The input data stream comprising butted-together code words are
sampled in M-bit bytes, with each bit being applied to each module
in the corresponding row. By virtue of the prefix property of the
class of variable-length codes considered, one, and only one, of
the terminal nodes in the array will experience an output signal.
This signal uniquely identifies the symbol represented by the
current code word, as well as its length. The decoded signal is
conveniently delivered to a utilization device and the row
identificatiotn is used to advance the input data stream by a
number of bits equal to the row number, i.e., to the length of the
just-processed code word. The process is then repeated for each
succeeding code word.
BRIEF DESCRIPTION OF THE DRAWING
FIG. 1 shows a tree structure representation of a Huffman code for
the English alphabet, including the "space."
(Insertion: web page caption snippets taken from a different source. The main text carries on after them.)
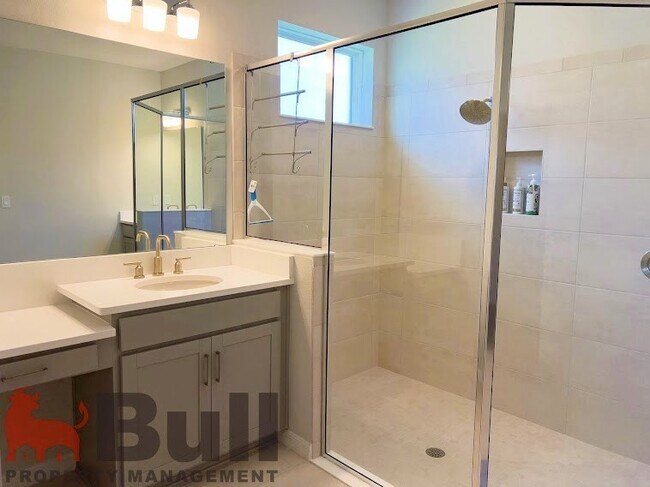 Building Photo - 1980 GOBLET COVE St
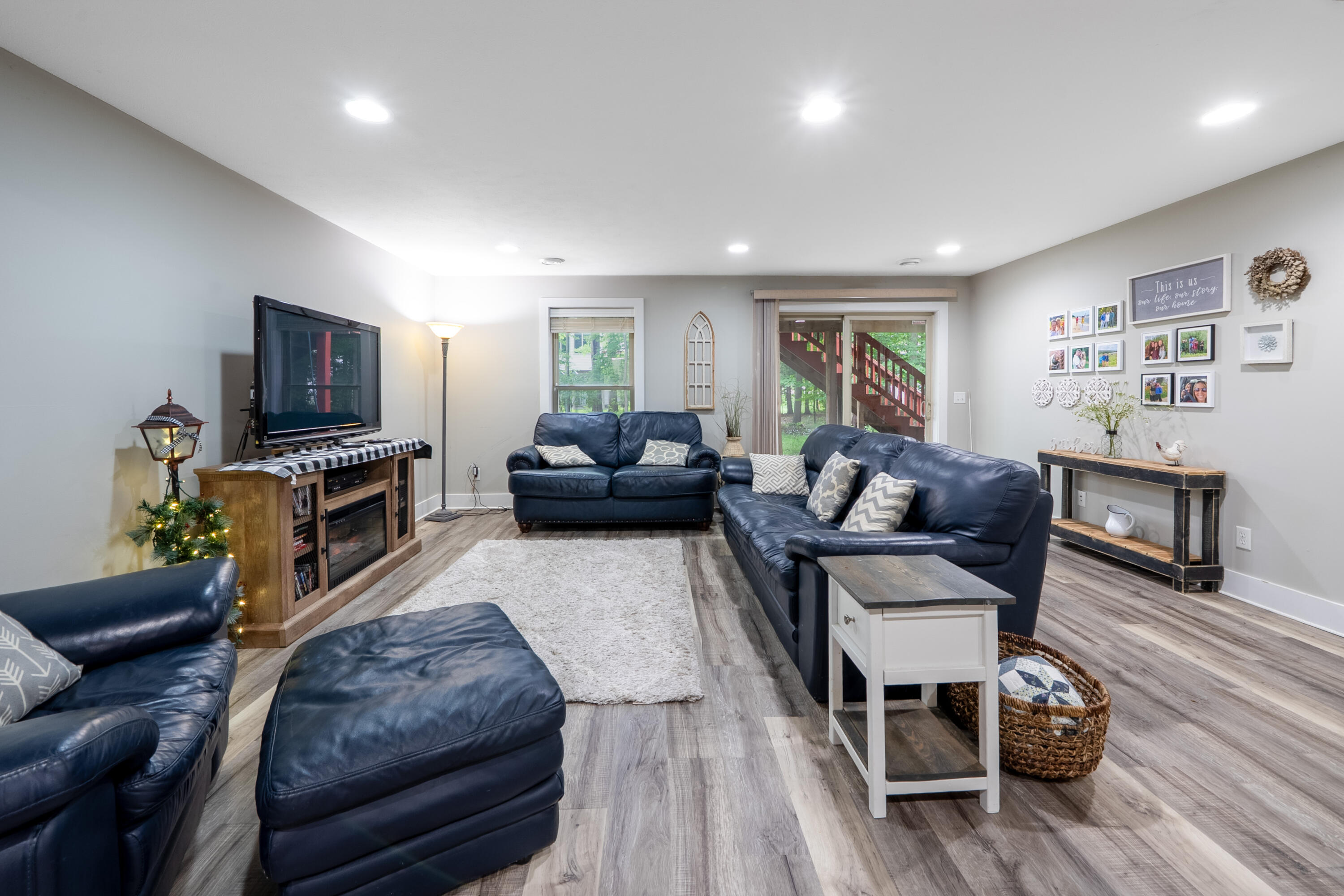 907 N Sandalwood Circle Muskegon MI 49441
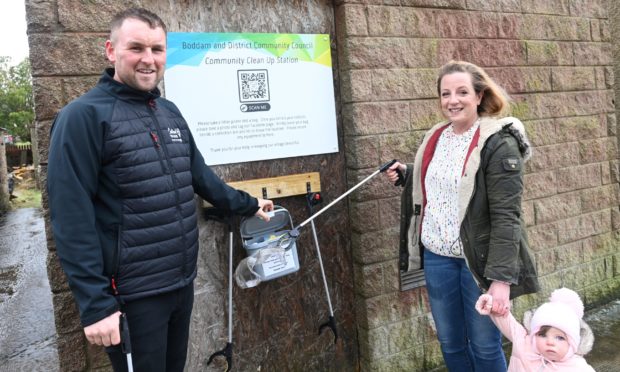 A litter picking station has been installed in Boddam to keep the village clean.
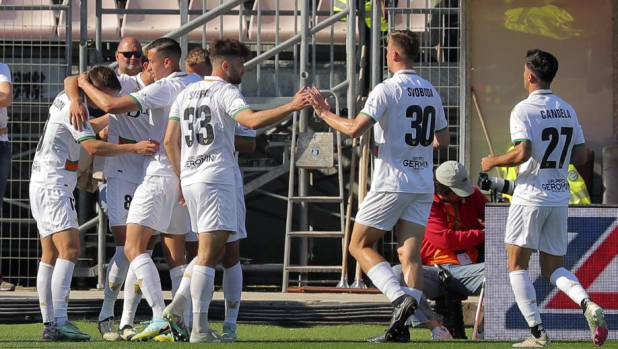 Doppio Tessmann: il Venezia batte il Brescia (2-0) e risale al terzo posto, a -3 dal Como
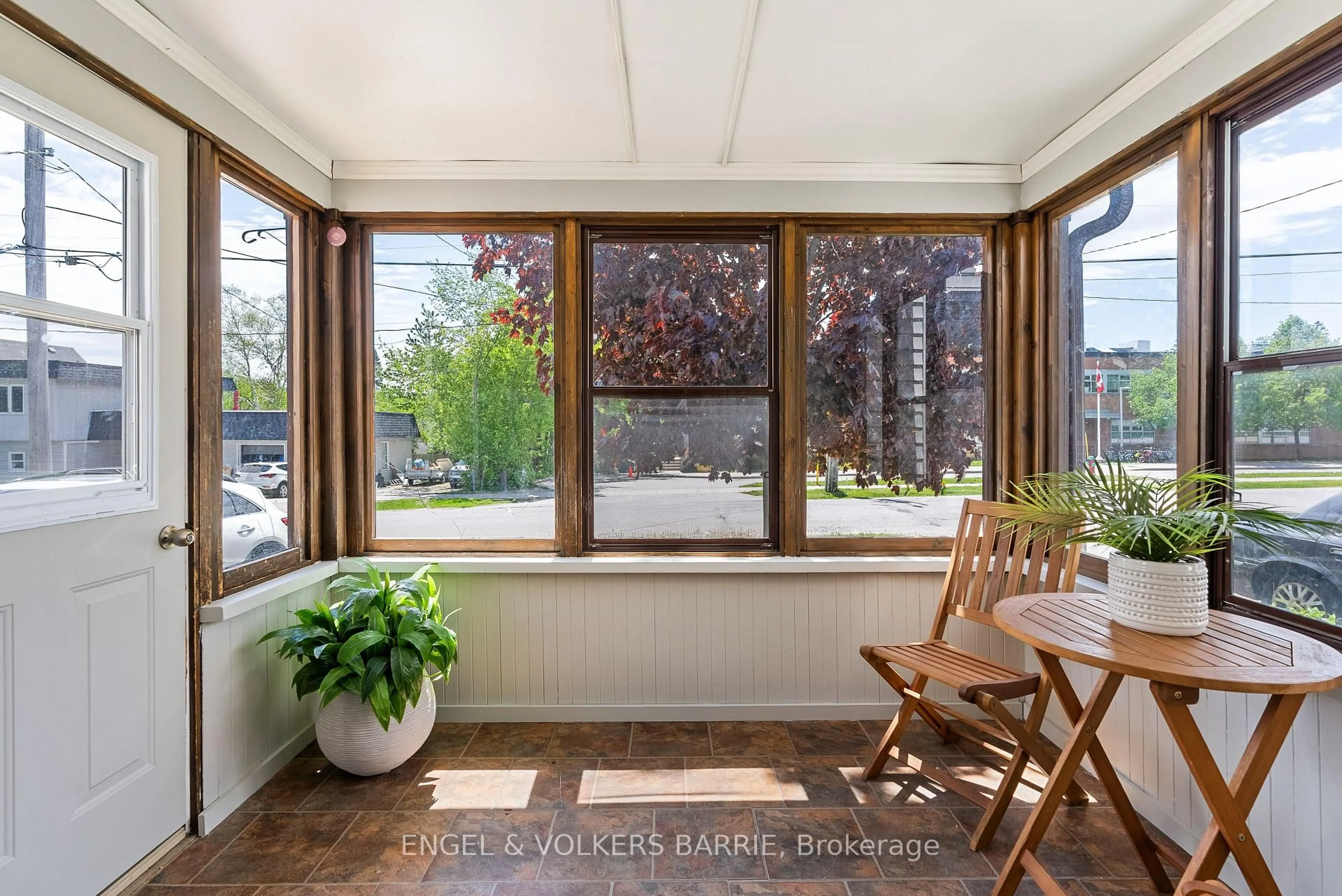 Indoor entryway for 8 GEORGE St, Orillia Ontario L3V 2V2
FIG. 2 shows a circuit corresponding to the tree structure in FIG.
1 for decoding variable length code words in the Huffman
format.
FIGS. 3A and 3B are circuit representations of the modules used in
the array of FIG. 2.
FIG. 4 is an overall system diagram employing the array of FIG. 2
for continuous decoding the butted variable-length prefix code
words.
DETAILED DESCRIPTION
Although Huffman minimum-redundancy codes will be used by way of
example to illustrate the operation of the present invention, other
variable length prefix codes may also be used, as will appear
below. As noted above, the term "prefix code," of course, means
that no short code word shall be identical to the beginning
(prefix) of another longer code word.
FIG. 1 shows a typical tree structure generated in accordance with
the teachings of the Huffman paper cited above. See also D. A.
Bell, Information Theory and its Engineering Applications (Third
Ed.), Pitman, New Yrok, 1962, especially pp. 69-73. Table I shows
the letters of The English alphabet and their corresponding Huffman
Code representations. In Table I the leftmost (most significant)
digit position corresponds to the level 1 nodes in FIG. 1. That is,
starting at the (hypothetical) level O and examining the first
digit one would normally proceeed to the lower left, i.e., node 201
in FIG. 1, if the first digit were a 0. If the first digit were a
1, however, position node 202 would be selected. Then, starting at
whatever node was dictated by the first input bit, a transfer to
the second level would be accomplished.
TABLE I ______________________________________ HUFFMAN CODES FOR
LETTERS OF ENGLISH ALPHABET AND SPACE Decoded Value Codeword
______________________________________ Space 000 E 001 A 0100 H
0101 I 0110 N 0111 O 1000 R 1001 S 1010 T 1011 C 11000 D 11001 L
11010 U 11011 B 111000 F 111001 G 111010 M 111011 P 111100 W 111101
Y 111110 V 1111110 K 11111110 J 1111111100 Q 1111111101 X
1111111110 Z 1111111111 ______________________________________
thus for example, if the first bit had been a 1 and node 202 had
been selected, followed by a 0 for the second bit, node 203 would
be selected. This process is repeated until a terminal node, i.e.,
one from which no new paths originate, is reached. Thus, for
example, in FIG. 1, if the code word 1001 is processed, a terminal
node at level 4 appears which uniquely identifies the symbol R.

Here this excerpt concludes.